Nancy Wiersma: Deer are acquiring a more specialized gourmet palate

Gone are the days when nature was afraid of man. And how they would run, when they either spied us or caught our scent. Not now. Now they have moved in on us. They live with and amongst us.

One can clap our hands, scream, yell and jump up and down and yet there they stand, just looking. Daring us to do something homicidal to them.

Chew on this one for just a moment. It now seems that the deer have formed the opinion that they now want their meals seasoned.

Yes, you have heard it here, my dear gardening friends.

They love these plants we fuss and baby over, ones seasoned — fertilized if you will — with nitrogen.

A gardener did a test.

One plant she did not fertilize, the other she did.

The fertilized plant was gnawed to the ground, whether it was organic or not.

You see, a fertilized plan produces lots of juicy, lush growth.

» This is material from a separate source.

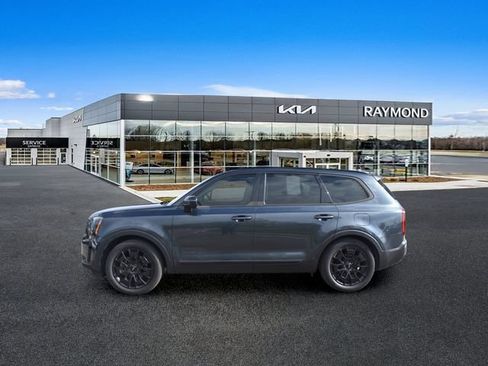 Used 2022 Kia Telluride EX w/ EX Premium Package AWD/4WD image 7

A chemist friend she knew threw out this theory.

The nitrates found in fertilizers produce the same “salty flavor” as salt.

Which anybody with even a pinch of deer savvy knows this.

How much the deer love their salt.

Do you think you have the deer beaten by buying deer-resistant plants? Think again, my dear gardening friends.

They will even devour any of these, too, if fertilized, and they are lush and “salty.”

Only the poisonous plants will be spared.

And if you choose a fertilizer with a nitrogen value less than 10, like 5-10-10 or something like this, it seems they will eat this, hesitantly, of course.

They will turn up noses at the lesser number.

A less “salty” taste, you see.

Like a child with a plate of spinach or chocolate cake before them.

But now if you use a fertilizer with the starting number of 20, just you look out. Just ring the dinner bell, they will come.

And how do they know if you fertilized with say, 5-10-10 or a 20-10-10 without even nibbling it first?

Maybe I am giving these creatures more credit than they deserve, then again, maybe not.

All I know is that they are getting way too wily for their own good.